Work request: In the copy, keep the lines from the first line of the material below through the line containing "A batch or market" exactly as they are, and include no pictures.

Data segment:
=== Section Start ===

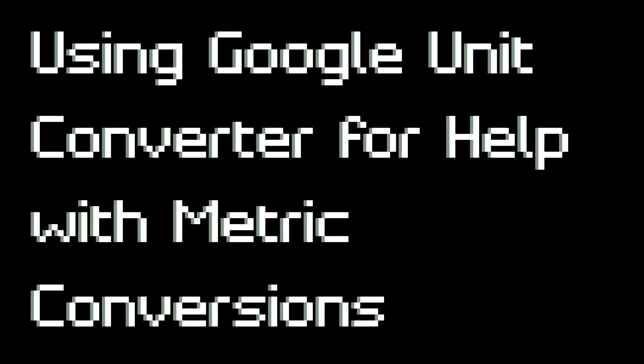Hi everybody, this is Mr. Pauler. In this video I'm going to show you how to use the Unit Converter tool in Google to help with metric conversion problems.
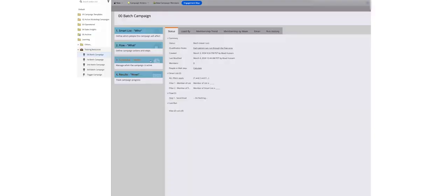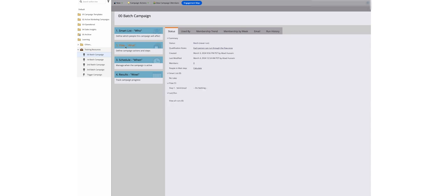A batch or market campaign operates systematically, reaching out to a specific target audience simultaneously through thoughtful filtering, without relying on triggers.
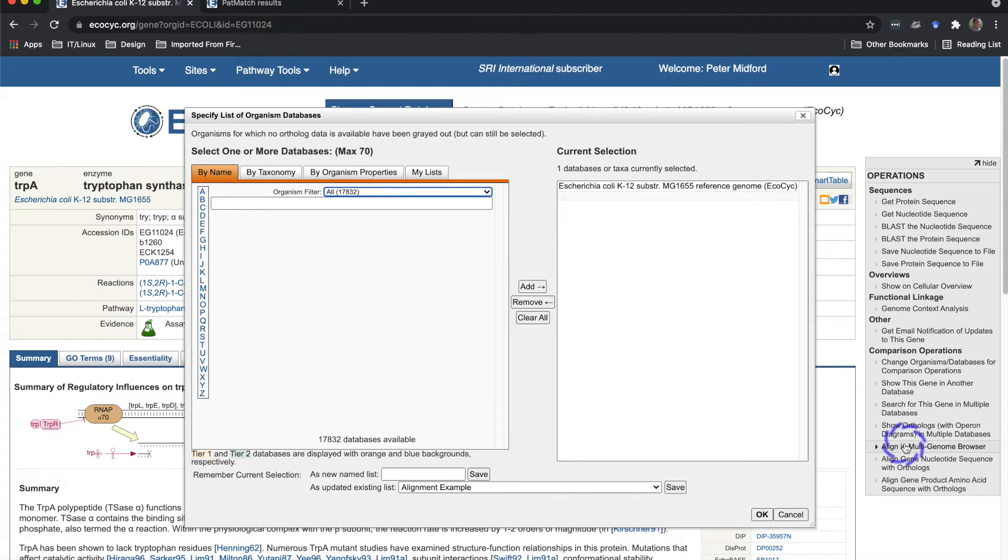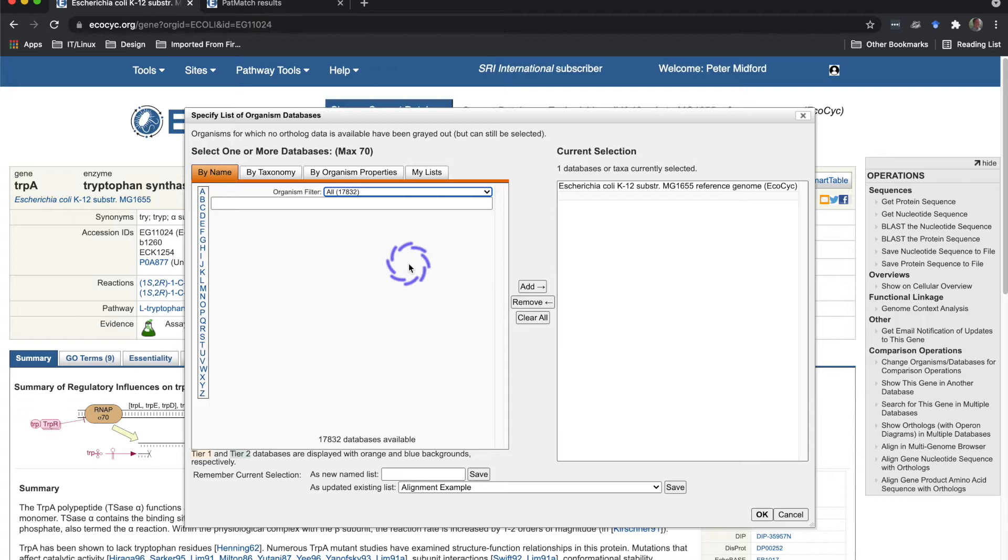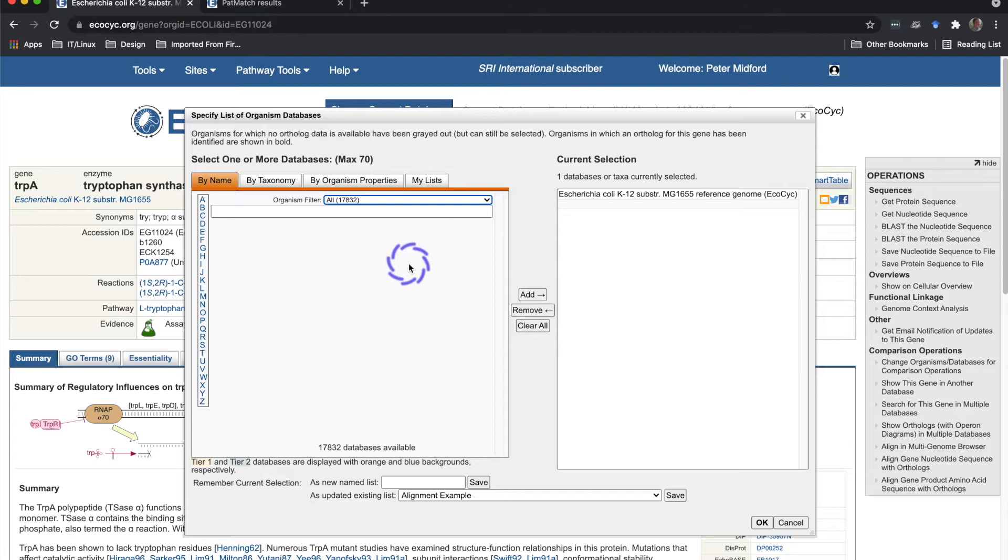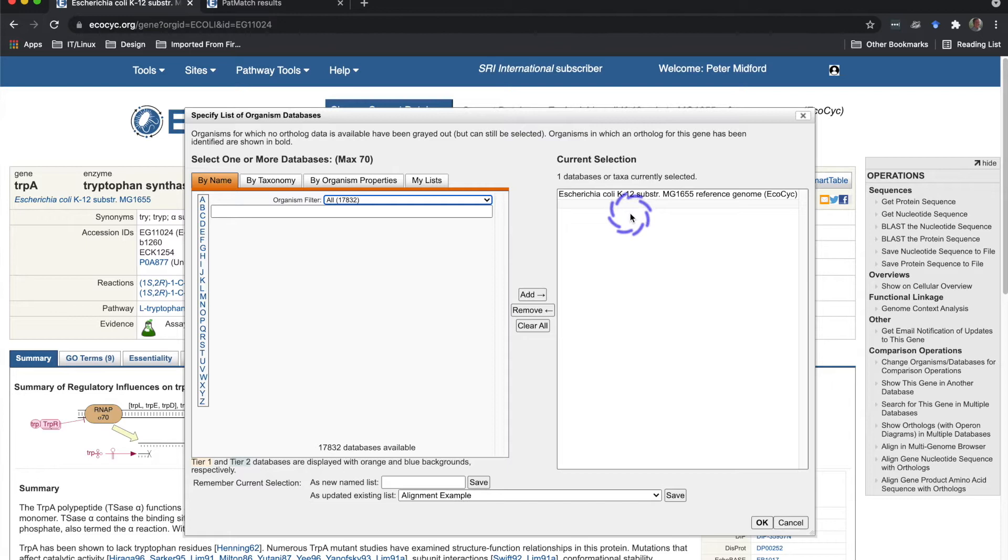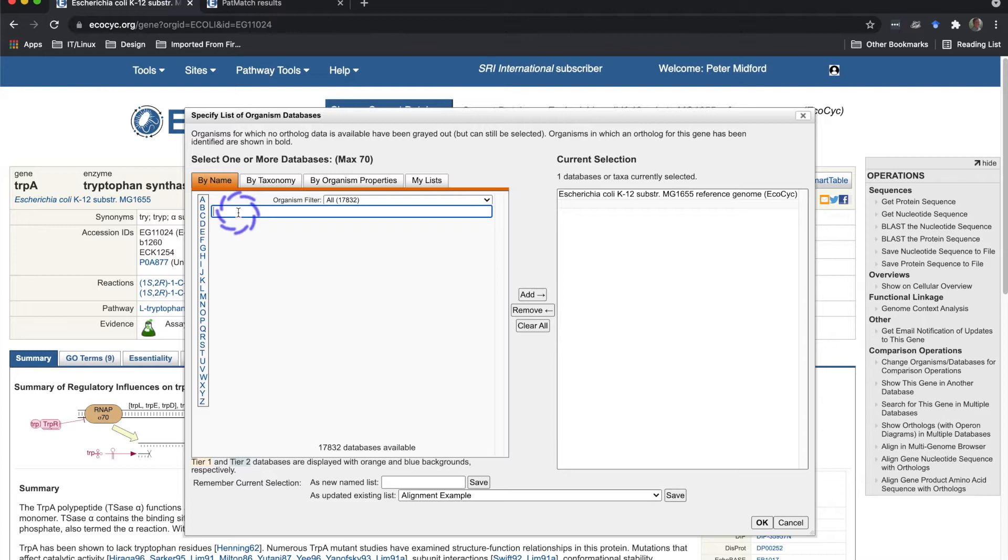This brings up a dialogue with two lists of organism databases. The one on the left is similar to the chooser for the main choose organism database command on the top of every page. The one on the right is a list of organisms that you want to compare. Notice that the list on the right starts with the current organism, in this case E. coli K12 MG 1655. I use the chooser on the left to add a few organisms. For each organism, I enter a portion of the name and select the organism from the list of completions.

=== Section End ===

Written solution:
Hi everybody, this is Mr. Pauler. In this video I'm going to show you how to use the Unit Converter tool in Google to help with metric conversion problems.
A batch or market campaign operates systematically, reaching out to a specific target audience simultaneously through thoughtful filtering, without relying on triggers.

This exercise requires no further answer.